Teaching More Than Basketball
Coaching

Teaching More Than Basketball

A practical coaching breakdown for your next practice.

By Coach Lee DeForest · Published June 29, 2026 · 11 min read
Teaching More Than Basketball

Teaching More Than Basketball

The best coaches don't hand players a script — they build players who can read, decide, and act under pressure. That shift, from running plays to making reads, is where real basketball IQ is born.

Why Plays Alone Don't Develop Players

Walk into any gym in America and you'll see coaches drilling the same four or five set plays, running them over and over until players can execute them from muscle memory. The players look sharp in walkthrough. They look comfortable in rehearsal. Then the game starts, the defense shifts, and everything falls apart.

That's not a talent problem. That's a teaching problem.
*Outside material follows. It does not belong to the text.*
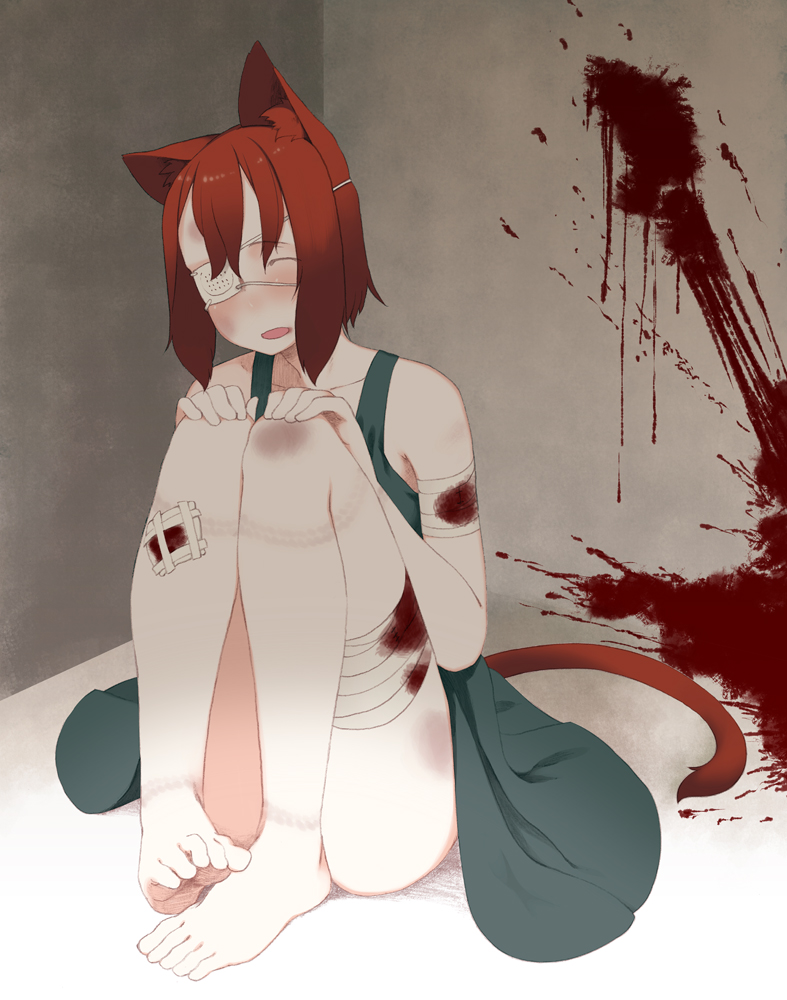 1girl animal_ears bandage bandages blood blood_stain blush breasts brown_hair cat_ears cat_tail dress eyepatch looking_at_viewer majima_yuki open_mouth original rope_marks short_hair sitting smile solo tail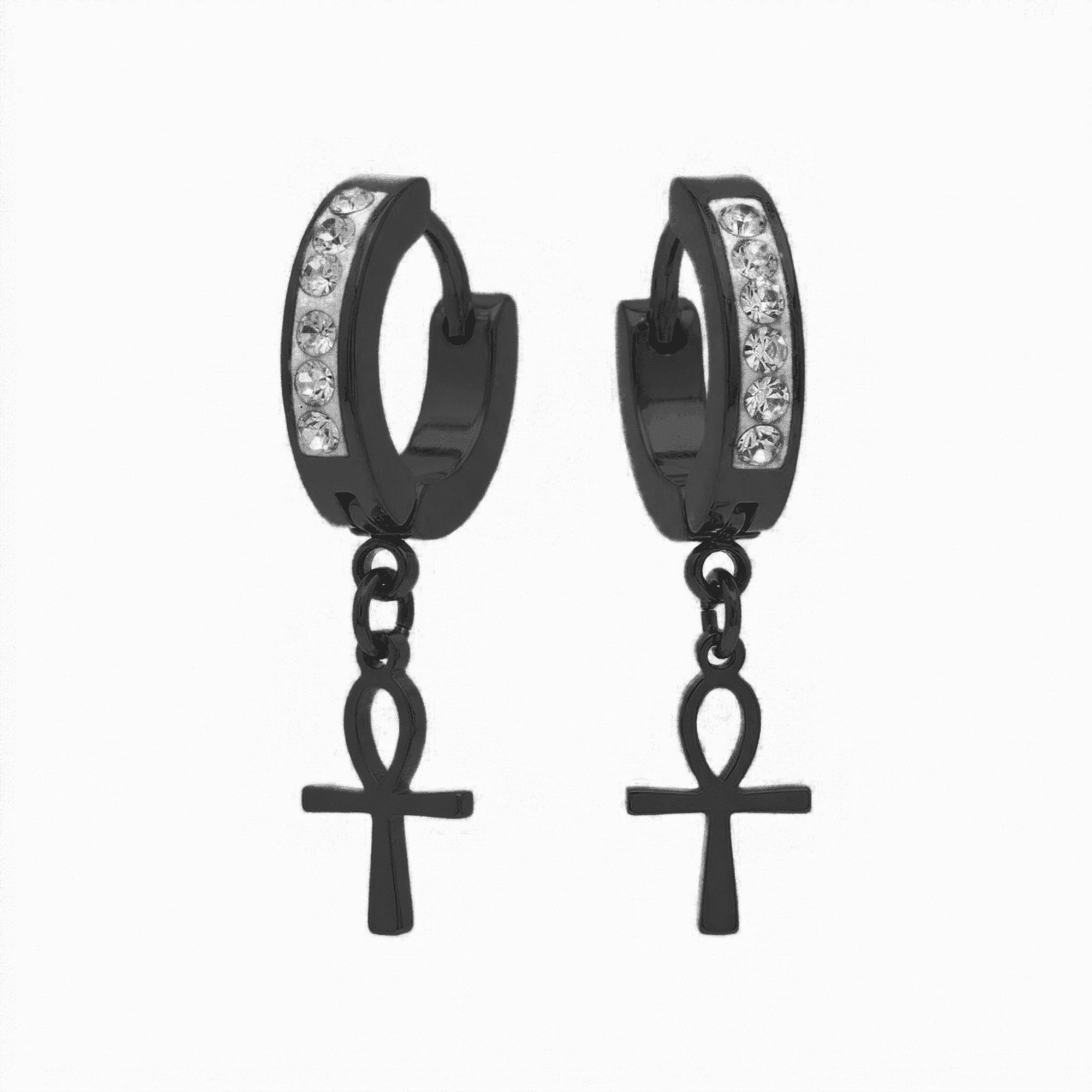 Stainless Steel Hanging Cross Huggie Earrings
When a player only knows routes, they can only play in the situations those routes were designed for. A screen-roll action that works against drop coverage looks completely different against a blitz. A drive-and-kick looks different when the corner defender cheats toward the paint. The player who learned a path doesn't know what to do. The player who learned a read does.

The fundamental insight underlying every successful read-based offense — Princeton, dribble-drive, pace-and-space, any of them — is that basketball is a decision sport. The player who sees the picture accurately and chooses the right action wins the possession. Every drill, every coaching conversation, every practice rep should be working toward that outcome: a player who can see, decide, and act.

Teaching that kind of player takes more than running set plays. It requires a deliberate, structured approach to developing decision-making as a trainable skill. And the research and coaching practice behind it is more developed than most coaches realize.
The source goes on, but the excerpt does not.